Stock-market investors sold during this period because of anxiety about administration policy, concerns as to the policy direction of the Bangko Sentral, and concerns about both past corporate profits and future inflation. Notice that the Middle East unrest and the Japanese disaster are not on the list because the stock market was falling long before you cared about Arab protesters or ever heard of a placed called Sendai, Fukushima. As I have said before, I am convinced that stock-market price action can and often predicts the future three, six, maybe nine months ahead.

The Egyptian stock market doubled in value from early 2009 to May 2010. Between May and July, the market lost more than 20 percent during more than a correction as prices never rebounded to the May 2010 high. Selling then would have been a great idea since the market has fallen another 15 percent since its July 2010 close.

Electric power-generation companies are boring stocks to own since they rarely fluctuate much in price and are bought because they usually pay a good dividend. Tokyo Electric Power (Tepco) is no exception, with the price barely moving between January 2009 and September 2010. Suddenly, the price fell 20 percent in one month last September, long before the earthquake. From ¥2,500, the stock trades now at ¥500.

The New York stock market is not rising on the back of good economic performance. From mid-2007 until February 2009, the market was in free fall, losing 50 percent. Between March and November 2009, the Dow Jones rose from around 7,000 to over 10,000. In March 2009 the US inflation rate was a negative 0.38 percent and in November suddenly jumped +1.84 percent, a huge reversal. The market continues to rise even as economic growth falters because investors are “predicting” continued and increasing higher inflation (stock markets like the beginning of an inflationary period) even as the US government continues to say inflation is very small. The stock market says otherwise.

The local market has reversed its downward trend, subject to confirmation over the next week of trading as the PSE index must now push through 4,100.

Yesterday’s dramatic increase in prices came with the announcement of the buyout by Philippine Long Distance Telephone Co. (PLDT) of JG Summit Holding’s ownership of Digitel Telecommunications. This is a great deal for all concerned. While PLDT does pick up an additional 14 million subscribers, it expands the ownership of its company, which includes the Japanese telecom company NTT. JG Summit picks up a valuable asset with its PLDT shares that can be used as a cash-generating asset without increasing debt or selling equity.
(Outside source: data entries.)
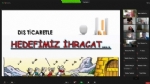 letmelere D Ticaret Semineri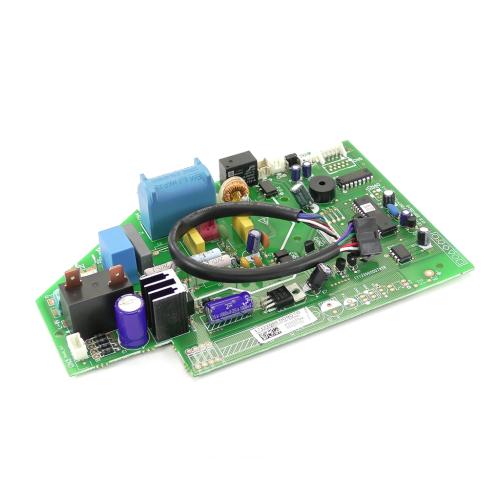 This is a genuine Midea 17122000009070 MAIN CONTROL BOARD
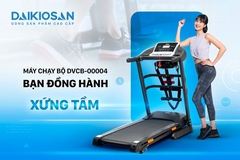 Máy chạy bộ Daikiosan DVCB-00004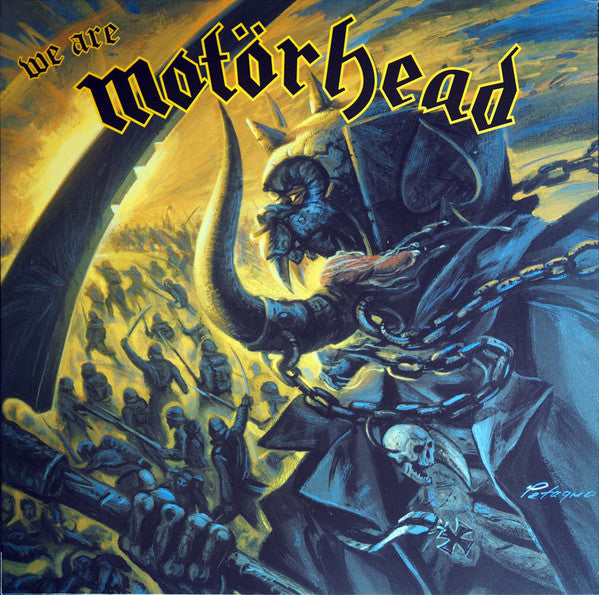 Motorhead -  We Are Motrhead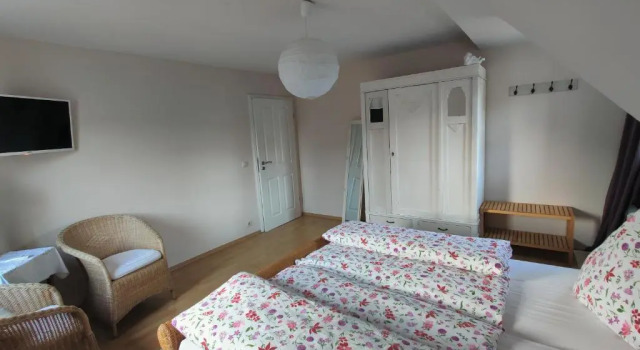 Gästehaus Voyage, Забронировать Отель Ноймаген-Дхрон Trier-Saarburg
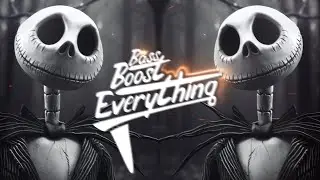 This Is Halloween (Chuck Shadow Remix) [Bass Boosted]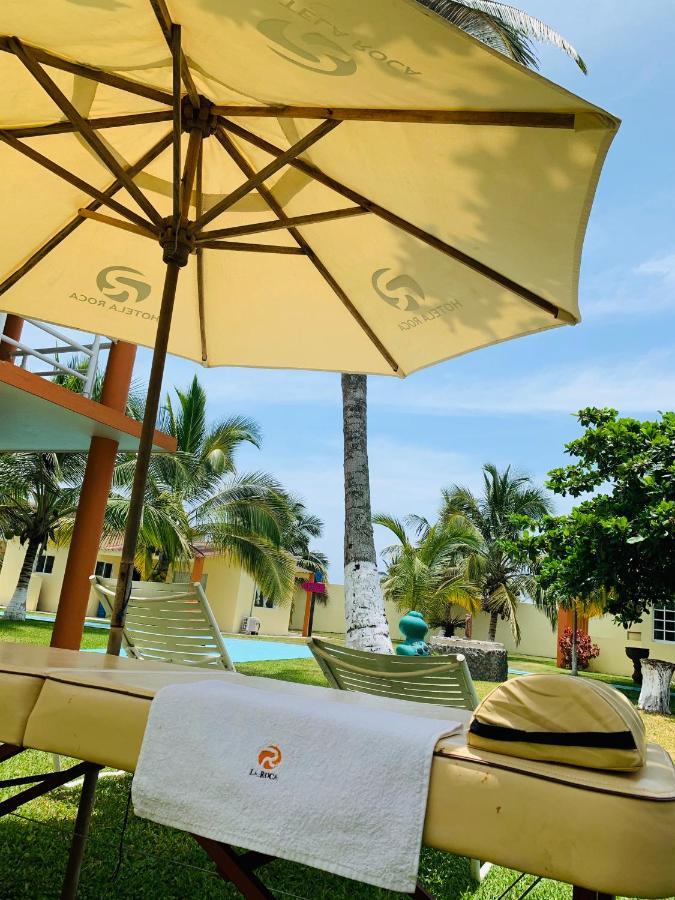 Hotel La Roca Costa Esmeralda Monte Gordo Exterior foto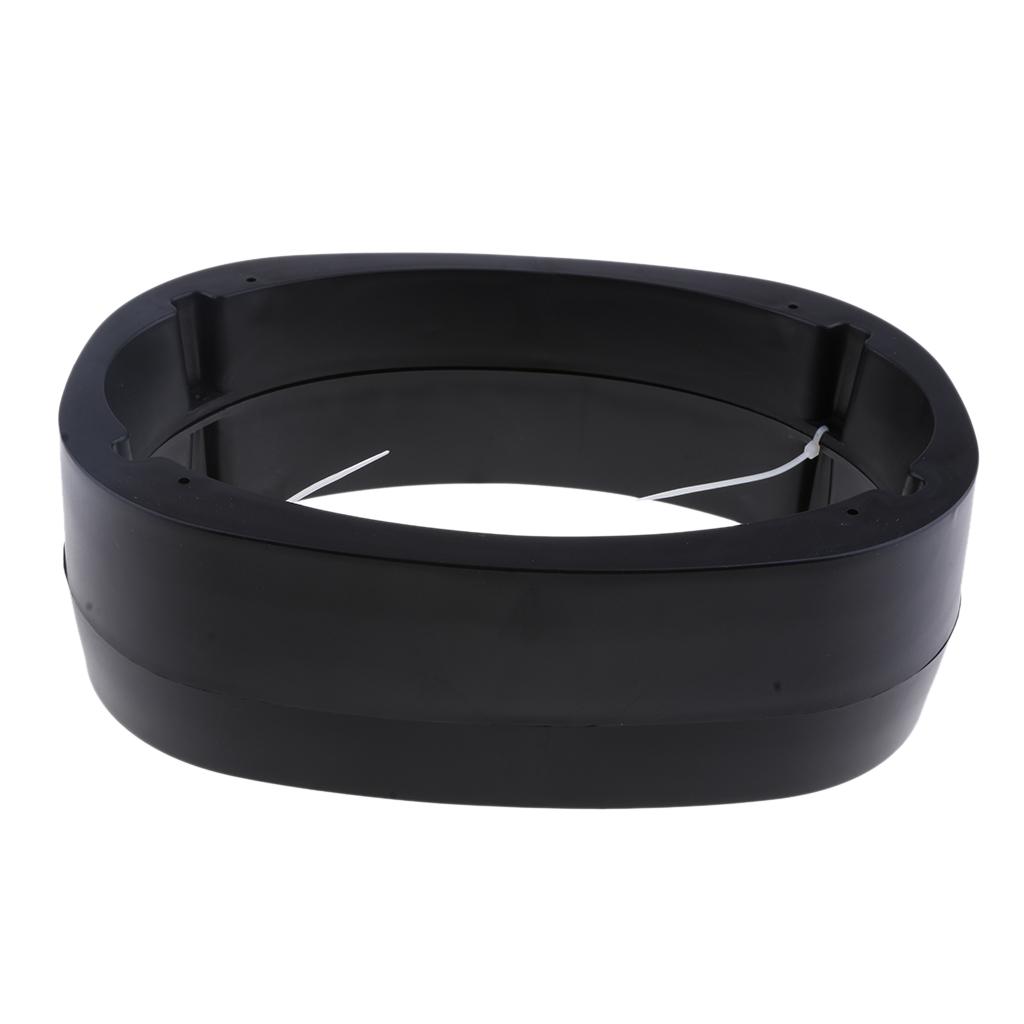 Universal Adapter for Stereo Speaker Spacers.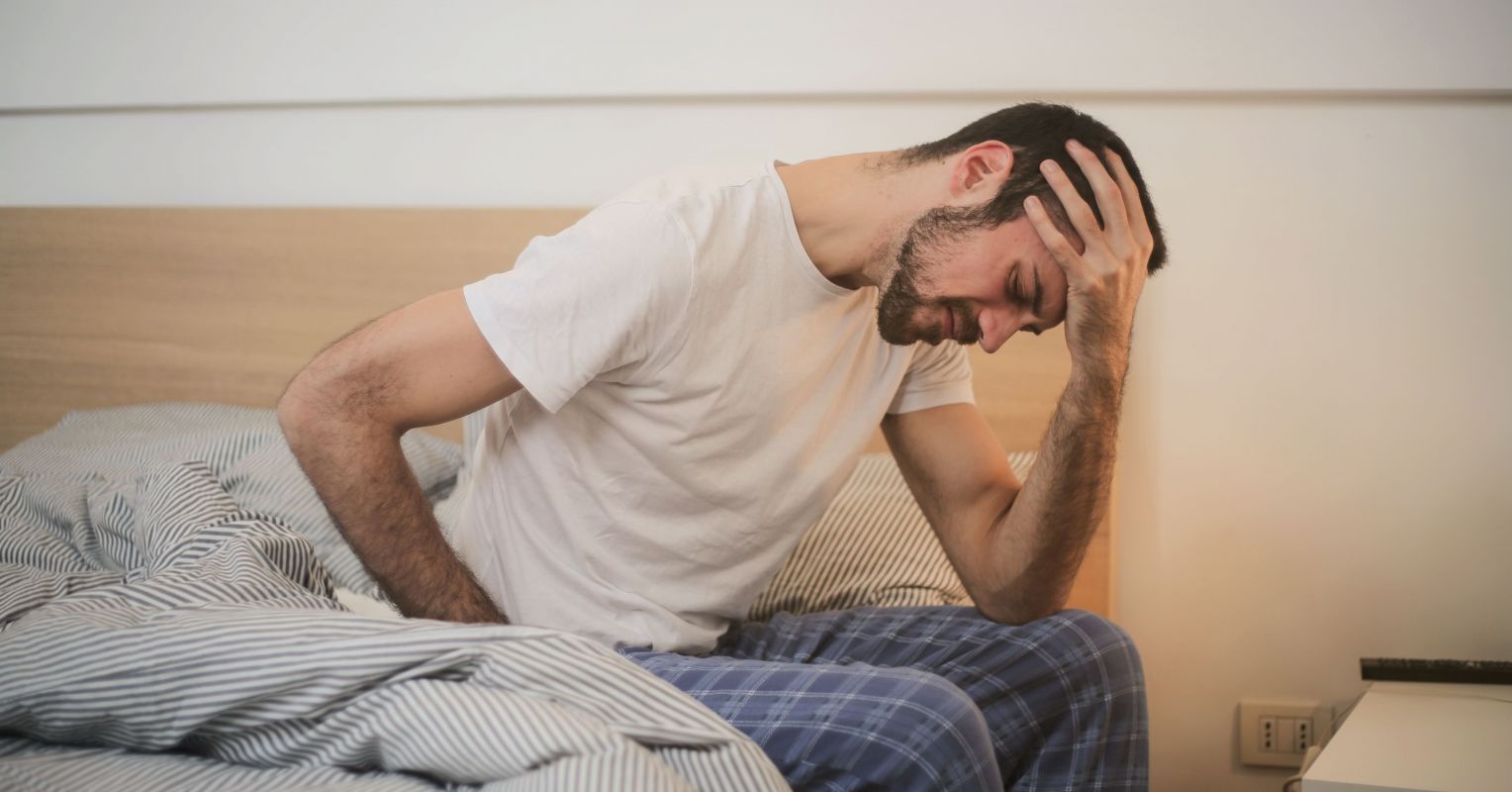 Why Do We Feel Guilty When We’re Sick?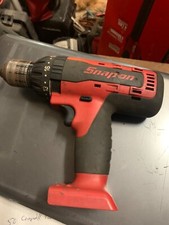 Snap On 18v Hammer Drill Tool Only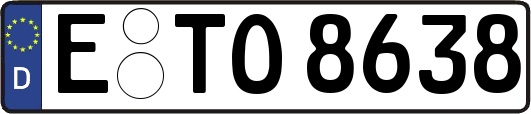 E-TO8638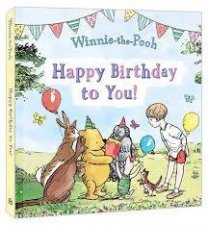 WinnieThePooh Happy Birthday To You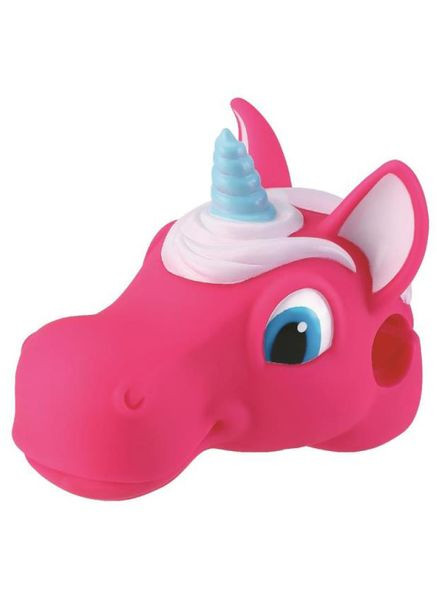Насадка на руль Единорог, розовый () Globber 527-110 (337092769)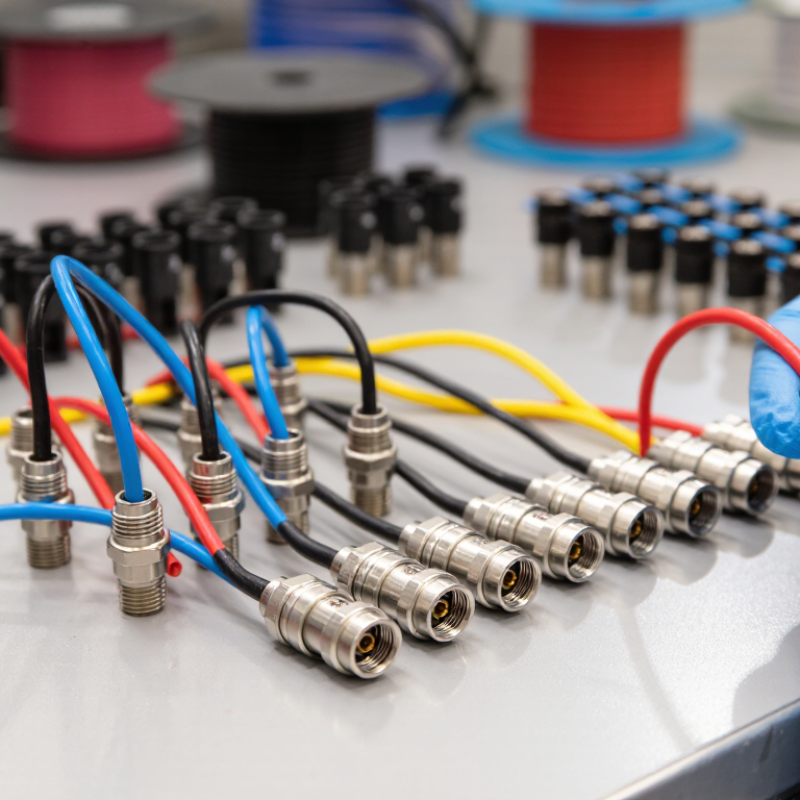China Top Amphenol SurLok Connector Suppliers?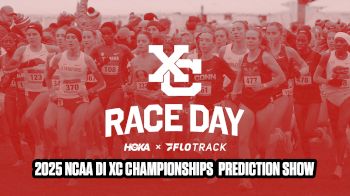 XC Race Day LIVE Prediction Show
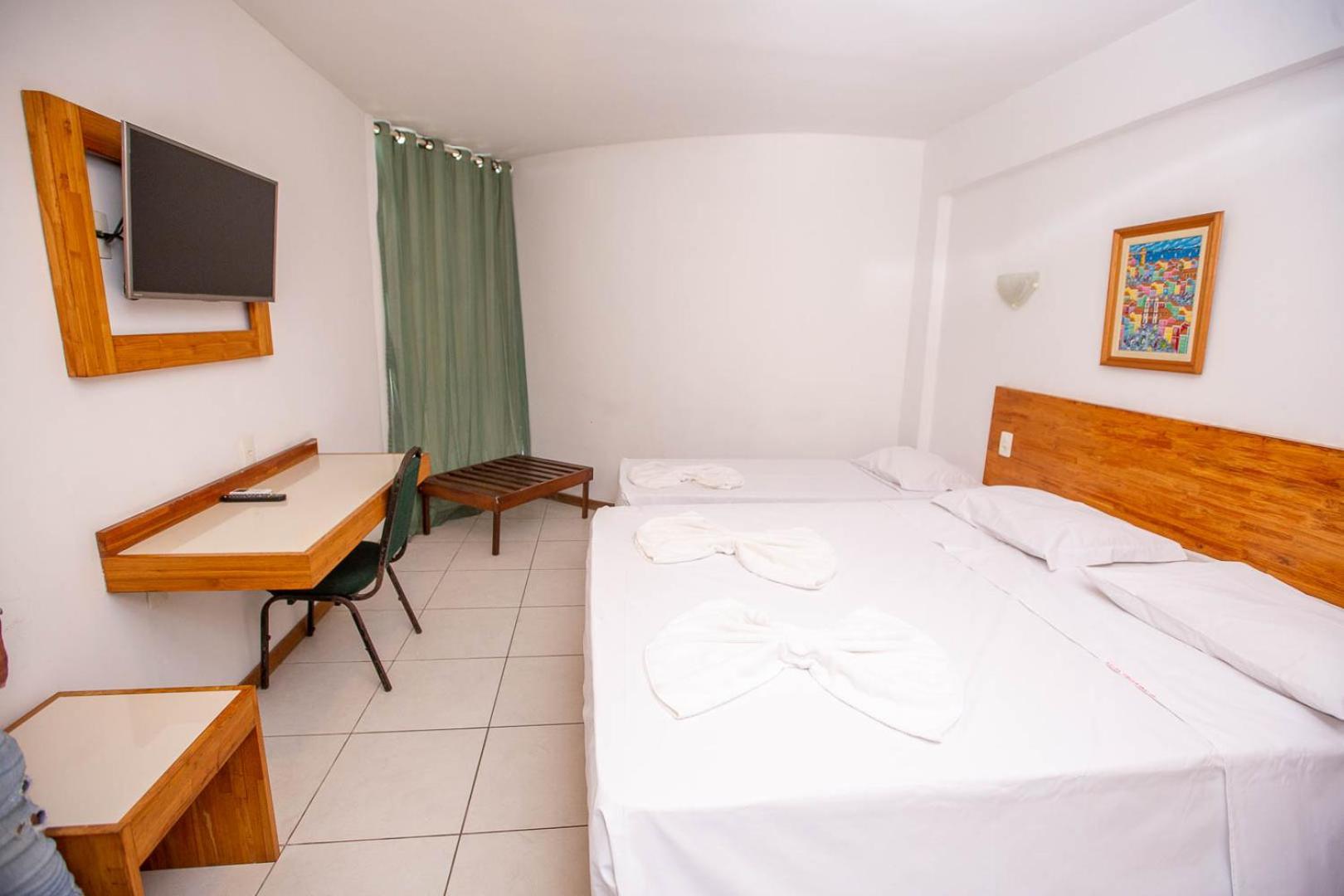 Economy Triple Room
JG summit can use those PLDT shares to borrow money at low interest rates while keeping its balance sheet looking very favorable.

Now to the cell-phone consumer. The initial reaction from some is that this is a bad deal for consumers because of less competition. I do not buy that argument. While telecom companies’ profit margins are being squeezed because of price competition, one less player is not going to diminish the competition between Globe and PLDT. Both companies know that consumer penetration is very high and may reach a saturation point in the next few years. Each is digging into the lower economic brackets with cheaper phone-usage options. And, more important, as saturation continues, both will dig deeper to pull customers away from each other. As long as PLDT and Globe need to fight each other for more market share, the consumer will not suffer. Just recently, Globe began a vigorous campaign to increase its postpaid business, long the jewel of Smart’s crown. PLDT may become even more aggressive in its price cutting now that it has a much-larger market share over Globe.

Remember that we had a “duopoly” before Sun was formed and that did not keep the Gokongwei group out of the business. San Miguel Corp., which has a substantial stake in Liberty Telecoms, Bell Telecoms and is planning to acquire Express Telecom, is probably ready to take on both PLDT and Globe the same way as Sun did before.

The local stock market looks very good right now. We may have a “new” stock market for the rest of 2011. Many stocks are rising on news stories and plans, including several high-profile corporate buy-ins and partial mergers.

But I would caution you against buying and relying too much on the media hype. Public companies know well how to play the “press release” and “PSE disclosure” game to move their stock price and, often, that price movement ends in sorrow for the average investor. One listed company presented the stock market with a disclosure that is false in nature, if not totally dishonest. Fortunately investors have not bought into the propaganda yet and I hope they do not. The PSE is not obligated to fully validate the complete reliability of corporate disclosures so let the buyer beware.

Buy the PSE. Buy the peso. Buy the Philippines.